Anti-inflammatory Regulatory T cells (Tregs) are enriched in the joints of patients with osteoarthritis (OA) compared to healthy joints. Tregs maintain homeostasis through secretion of anti-inflammatory cytokines and cell-to-cell interactions including immune checkpoint signaling. Interleukin-6 (IL-6) is a pleiotropic cytokine secreted by inflamed synoviocytes and chondrocytes that can inhibit or alter Treg function. This study tested the hypothesis that neutralization of IL-6 would enable Treg anti-inflammatory function to resolve inflammation and catabolism elicited by IL-1β in an equine chondrocyte/synoviocyte/Treg tri-culture OA model. Synoviocyte/chondrocyte co-cultures were stimulated with IL-1β, and treated with αIL-6 neutralizing antibody. Activated Tregs secreting IL-10 were added in direct contact with synoviocytes to create a tri-culture. Neutralization of IL-6 partially restored Treg anti-inflammatory functions and, in combination, reduced IL-1β-stimulated synoviocyte MMP13 expression to control levels and restored Acan expression in chondrocytes. IL-6 neutralization alone decreased Il6 expression in chondrocytes and synoviocytes, mitigating IL-6 positive feedback loop. Although Tregs were the primary producers of anti-inflammatory IL-10 and IL-4, they also produced pro-inflammatory IL-17A, as detected by ELIA, which may have been responsible for incomplete rescue of synoviocyte/chondrocyte homeostasis following IL-1β stimulation. Treg secretion of IL-10, IL-4, and IL-17A was not altered by tri-culture conditions or presence of αIL-6, therefore, it was unlikely that Treg phenotype instability occurred. The significant effect of chondrocyte/synoviocyte donor, but not Treg donor, on gene expression and IL-6 concentration in conditioned media, indicated that personalized therapy considering the patient's OA status might be needed for successful implementation of immunotherapy in the context of OA.
与健康关节相比,骨关节炎(OA)患者的关节中富含抗炎调节性 T 细胞(Tregs)。
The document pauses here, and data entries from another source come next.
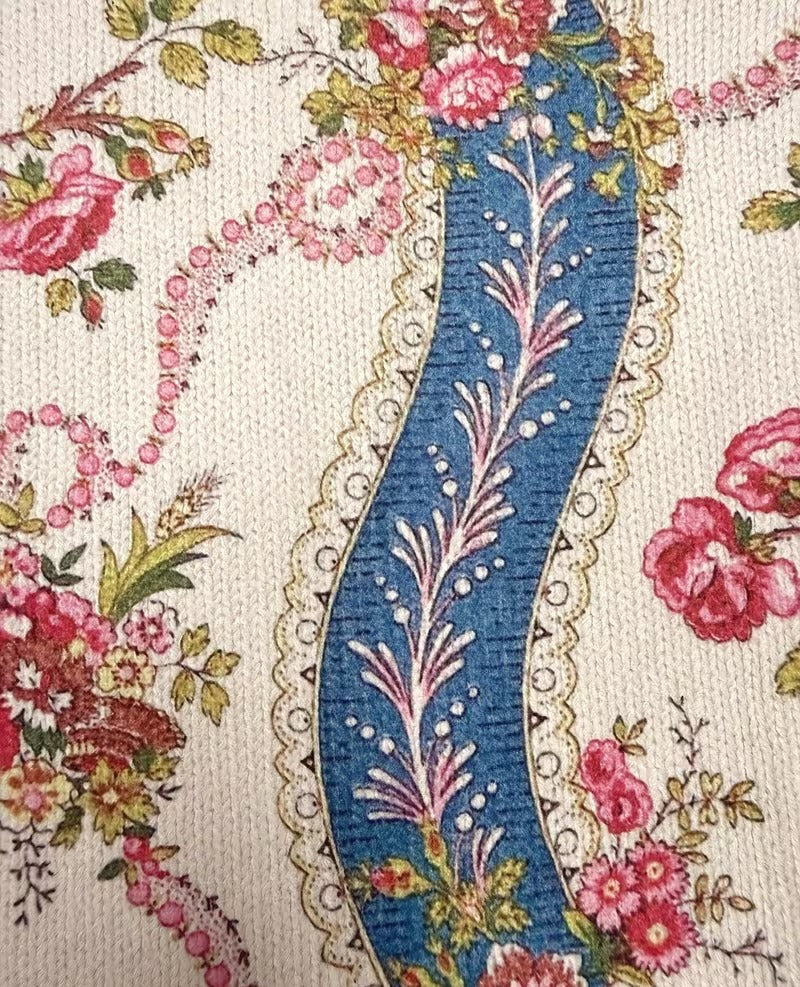 Eulalia | Ribgebreid vest voor dames met klimrozenmotief en zakken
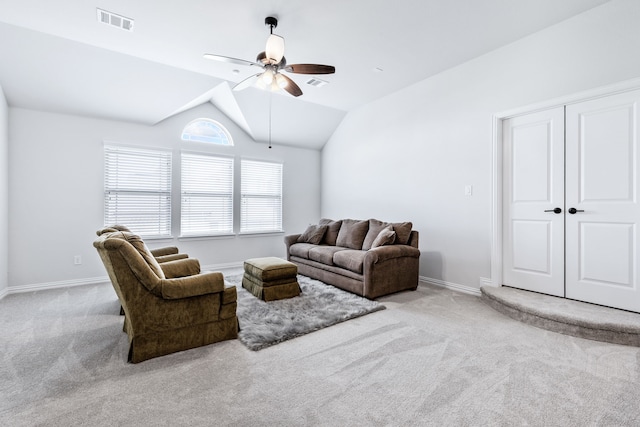 206 Stallion Ln, Hickory Creek, TX 75065 - living area featuring carpet floors, a ceiling fan, baseboards, and lofted ceiling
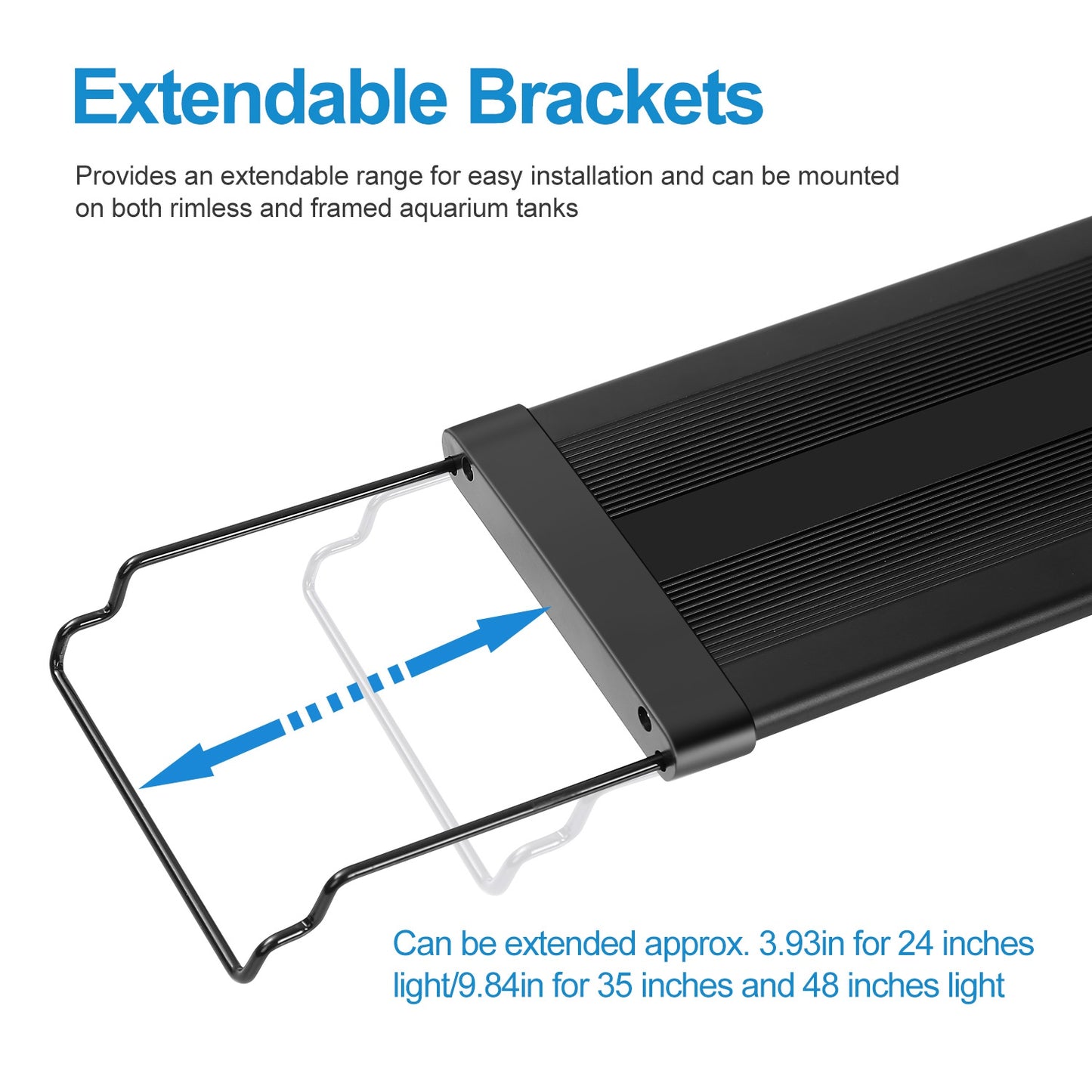 Full Spectrum LED Aquarium Light with Extendable Brackets
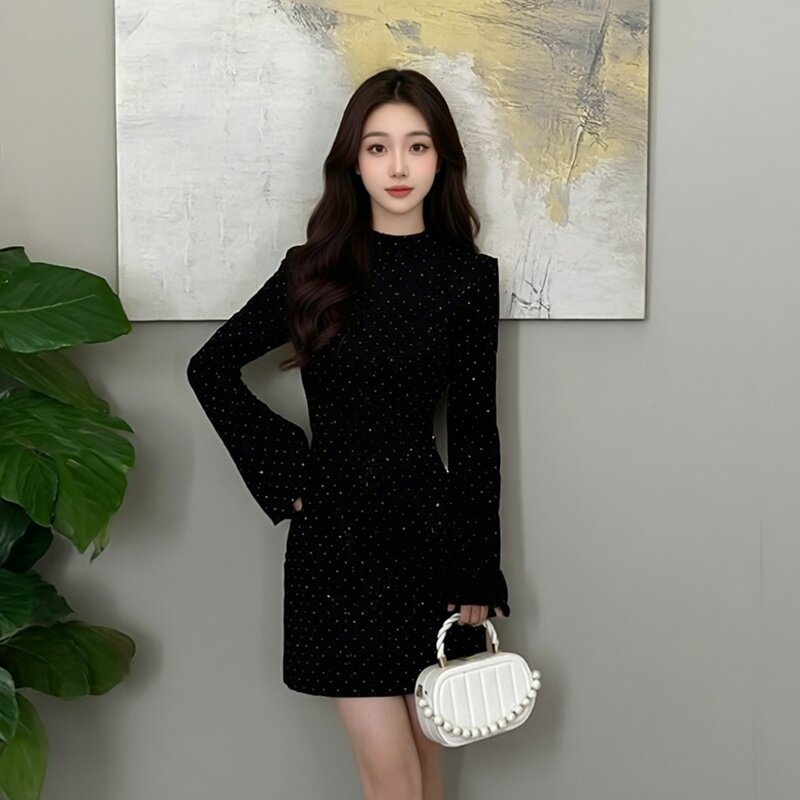 【加绒加厚】女秋冬季气场强大收腰显瘦短款生日礼服连衣裙QY0134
Tregs 通过分泌抗炎细胞因子和细胞间相互作用(包括免疫检查点信号)来维持内稳态。白细胞介素-6(IL-6)是一种由炎症性滑膜细胞和成纤维细胞分泌的多效细胞因子,可抑制或改变 Treg 的功能。本研究旨在验证以下假设:中和 IL-6 将使 Treg 的抗炎功能能够在马软骨细胞/滑膜细胞/Treg 三培养 OA 模型中消除由 IL-1β 引发的炎症和分解代谢。用 IL-1β 刺激滑膜细胞/软骨细胞共培养物,并使用 αIL-6 中和抗体进行处理。将分泌 IL-10 的活化 Tregs 直接与滑膜细胞接触以创建三培养物。中和 IL-6 部分恢复了 Treg 的抗炎功能,并且与联合使用时,将 IL-1β 刺激的滑膜细胞 MMP13 表达降低至对照水平,并恢复了软骨细胞中的 Acan 表达。单独中和 IL-6 可降低软骨细胞和滑膜细胞中的 Il6 表达,减轻了 IL-6 的正反馈环。尽管 Tregs 是抗炎性 IL-10 和 IL-4 的主要产生者,但它们也产生了促炎性 IL-17A,这是通过 ELIA 检测到的,这可能是导致在 IL-1β 刺激后,滑膜细胞/软骨细胞的内稳态不能完全恢复的原因。三培养条件或存在 αIL-6 并未改变 Treg 分泌的 IL-10、IL-4 和 IL-17A,因此,Treg 表型不稳定不太可能发生。软骨细胞/滑膜细胞供体而不是 Treg 供体对基因表达和条件培养基中 IL-6 浓度的显著影响表明,考虑到患者的 OA 状态,可能需要个性化治疗,以便在 OA 背景下成功实施免疫疗法。